What the exercise asks: Each line of the data below from the one holding "Ceramic shell lamp from the 70s/80s." to the one holding "904 Carisbrooke Lane", inclusive, is to be reproduced exactly; no other line belongs in the answer.

Stored data:
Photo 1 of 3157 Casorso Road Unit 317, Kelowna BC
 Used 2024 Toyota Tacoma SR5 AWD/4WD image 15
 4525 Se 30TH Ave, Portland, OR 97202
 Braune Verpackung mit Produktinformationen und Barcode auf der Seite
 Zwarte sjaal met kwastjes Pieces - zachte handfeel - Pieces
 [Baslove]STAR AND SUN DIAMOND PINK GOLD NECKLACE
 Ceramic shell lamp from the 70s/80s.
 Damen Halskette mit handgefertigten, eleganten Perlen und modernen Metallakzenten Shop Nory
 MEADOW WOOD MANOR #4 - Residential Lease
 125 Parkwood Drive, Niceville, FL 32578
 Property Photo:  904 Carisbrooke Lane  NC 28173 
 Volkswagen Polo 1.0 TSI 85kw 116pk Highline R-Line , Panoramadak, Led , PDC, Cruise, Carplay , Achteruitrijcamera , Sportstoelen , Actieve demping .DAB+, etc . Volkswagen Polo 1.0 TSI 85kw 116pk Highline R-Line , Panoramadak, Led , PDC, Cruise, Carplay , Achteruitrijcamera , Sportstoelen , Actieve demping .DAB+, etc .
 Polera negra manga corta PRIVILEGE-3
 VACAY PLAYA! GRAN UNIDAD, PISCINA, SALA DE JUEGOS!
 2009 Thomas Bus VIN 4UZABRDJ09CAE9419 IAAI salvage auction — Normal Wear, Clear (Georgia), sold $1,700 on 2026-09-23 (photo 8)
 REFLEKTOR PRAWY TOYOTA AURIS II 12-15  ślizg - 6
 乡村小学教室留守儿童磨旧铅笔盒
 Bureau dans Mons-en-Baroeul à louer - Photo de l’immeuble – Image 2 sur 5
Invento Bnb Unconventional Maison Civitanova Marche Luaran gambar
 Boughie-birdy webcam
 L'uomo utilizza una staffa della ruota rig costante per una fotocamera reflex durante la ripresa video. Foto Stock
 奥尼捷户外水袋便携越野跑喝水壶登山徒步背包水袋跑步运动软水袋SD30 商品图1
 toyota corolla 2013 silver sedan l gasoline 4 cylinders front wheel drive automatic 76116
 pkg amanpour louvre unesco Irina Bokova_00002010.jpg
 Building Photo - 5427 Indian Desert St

Written response:
 Ceramic shell lamp from the 70s/80s.
 Damen Halskette mit handgefertigten, eleganten Perlen und modernen Metallakzenten Shop Nory
 MEADOW WOOD MANOR #4 - Residential Lease
 125 Parkwood Drive, Niceville, FL 32578
 Property Photo:  904 Carisbrooke Lane  NC 28173 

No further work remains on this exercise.